**Exercise:**
Repeat the lines from the one containing "Woman In Protective" through the last line of the data, exactly, pictures omitted.

**Given information:**
========================

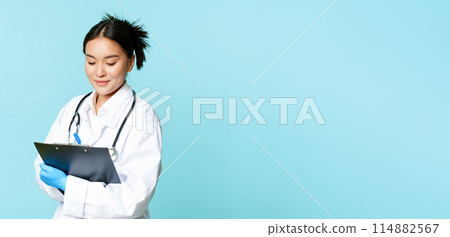 Asian female nurse or doctor writing down on clipboard with pen, smiling while examining patients, standing in uniform over blue background Asian female nurse or doctor writing down on clipboard with pen, smiling while examining patients, standing in uniform over blue background 114882567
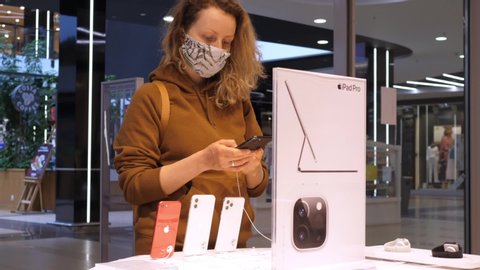 Woman In Protective Mask Choosing New Smartphone At Apple Store. Coronavirus, COVID-19, Sale, Discount, Pandemic Concept. Bialystok, Poland, 20 May, 2020. 
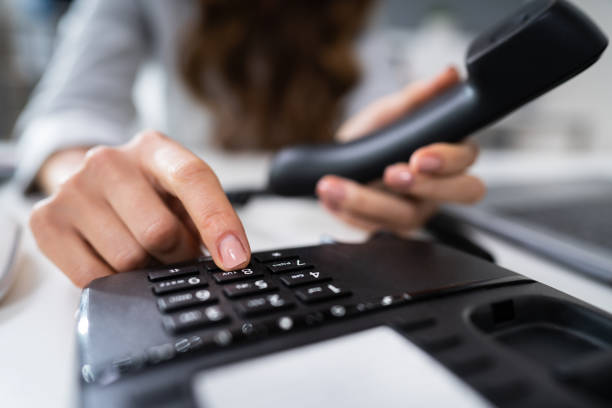 mujer empresaria llamando a la línea de teléfono - telephone dialing human hand office fotografías e imágenes de stock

========================

**Task output:**
 Woman In Protective Mask Choosing New Smartphone At Apple Store. Coronavirus, COVID-19, Sale, Discount, Pandemic Concept. Bialystok, Poland, 20 May, 2020. 
 mujer empresaria llamando a la línea de teléfono - telephone dialing human hand office fotografías e imágenes de stock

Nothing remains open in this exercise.